Why it became a recommendation engine
There is a phenomenon I keep noticing in Korean skincare consumer behavior, which I think Western beauty media has not quite caught onto: the trusted basic. In a market this saturated, where new launches happen weekly and every K-pop idol has a brand, what consumers actually crave is permission to stop looking. The Round Lab toner functions as that permission slip. Once a friend, a dermatologist, an aesthetician, and a Reddit thread have all told you the same thing — that this 17,000-won bottle does the job — you can finally close the tab.
This is also why the brand has resisted the temptation to expand into ten new categories. When I spoke (informally, over coffee) to someone who works in K-beauty distribution at Olive Young’s parent company, she said something that stayed with me: “Round Lab is what people buy when they are tired.” Tired of trying things. Tired of new launches. Tired of routines that require a spreadsheet.
I am, increasingly, that kind of consumer myself.
The Western context
Round Lab is now available on Amazon, on YesStyle, on Stylevana, and through Olive Young’s global shop. Prices in the U.S. run about $17 to $22 for the toner, depending on retailer — still cheap by American skincare standards, but worth noting that you are paying a roughly 40% premium over the Seoul shelf price. The bottle is 200ml, which lasts me about three months at one application a day, two months if I do both morning and night.
Two cautions before you order:
First, the seawater minerals can leave a very faint tackiness on the skin in humid weather. This is not a flaw — it is how the formula works — but if you live somewhere genuinely tropical, you may prefer the Mugwort version.

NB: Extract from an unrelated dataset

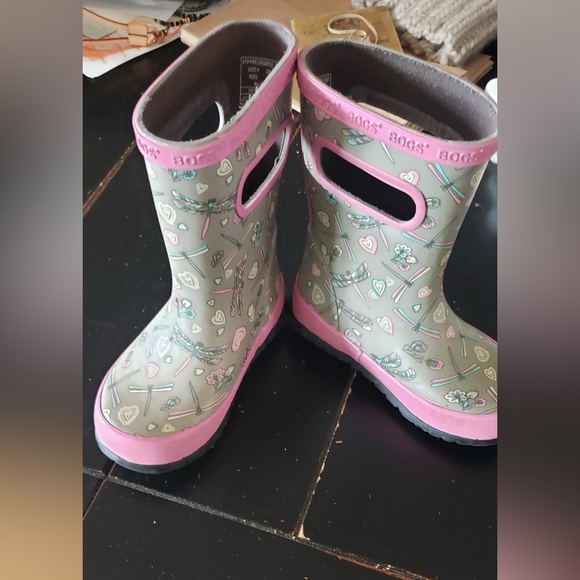 BOGS Kids' Gray Boots with Pink Accents Size 10 Toddler - Picture 2 of 4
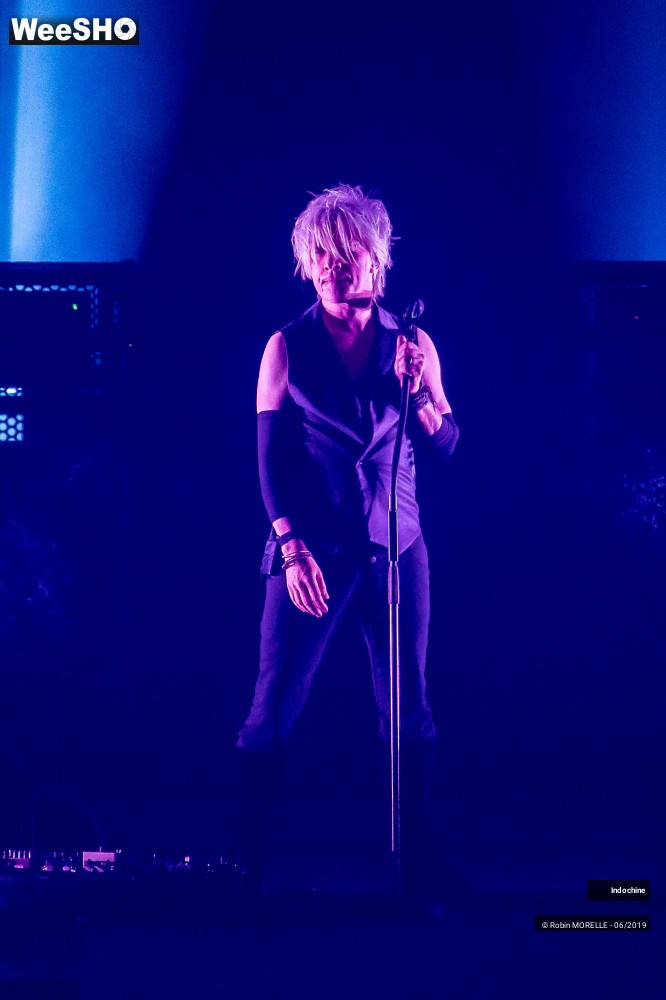 2/50 photos du spectacle Indochine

Second, the brand has now been counterfeited enough that I would not buy it from a third-party seller on Amazon. Buy from the official Round Lab storefront, from Olive Young Global, or from Stylevana, which sources directly.
What I keep on my counter
If you are coming to Round Lab cold and want a sensible place to start, here is what I would actually buy. Prices are approximate U.S. retail.

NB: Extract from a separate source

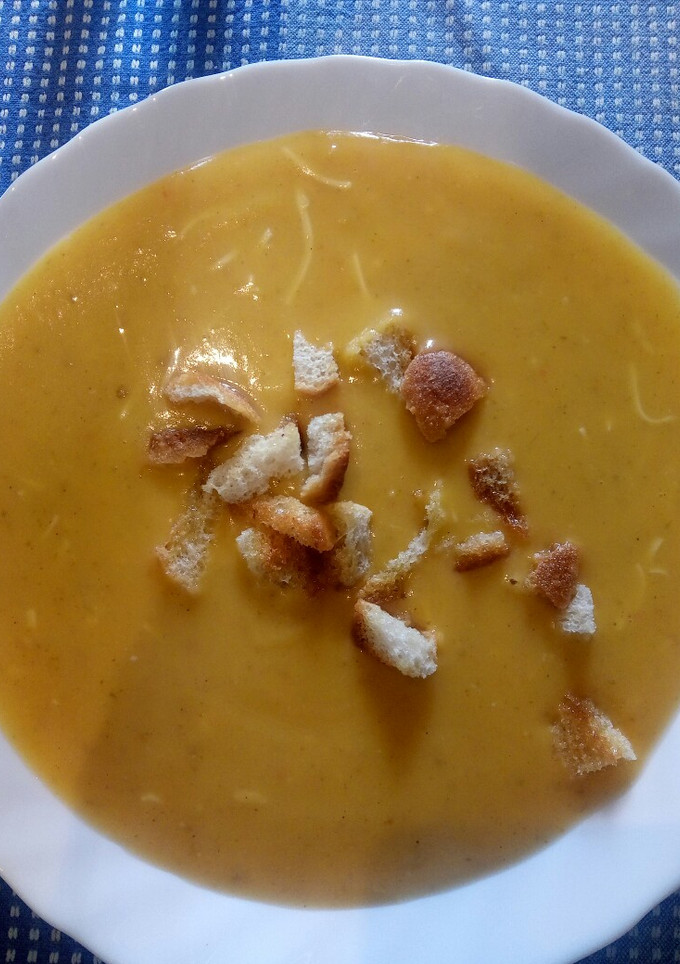 Una foto de Crema de calabaza con un toque picante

- 1025 Dokdo Toner, $17 for 200ml. The default. If your skin is generally cooperative but feels a little dull or uneven, start here. I use this in the morning, on a cotton round, before serum.
- Birch Juice Moisturizing Toner, $19 for 200ml. For winter, for travel, for anyone whose skin gets that tight feeling about an hour after cleansing. Swappable with the Dokdo seasonally — you do not need both at once.
- Mugwort Calming Cream, $22 for 80ml. Not a toner, but the line extension I have grown most attached to. A light gel-cream that I keep next to my desk for the days when my skin is reacting to something and I do not know what. Calms a flush within twenty minutes.
- 1025 Dokdo Cleanser, $14 for 150ml. The matching low-pH cleanser. Unremarkable in a good way — it does not strip, it rinses cleanly, it costs less than a glass of natural wine in Brooklyn.
I would not recommend buying the full line at once. Round Lab is a brand best discovered the way my friend in Yeonnam-dong discovered it — one bottle, used until empty, replaced without ceremony. The point of the toner is not that it transforms you. The point is that, after months of trying things that promised to, this one quietly stops asking you to think about it.
That is what a trusted basic is. It is the product you forget you are using, until you run out and notice that everything has gone slightly wrong, and you order another bottle, and within a week things are fine again.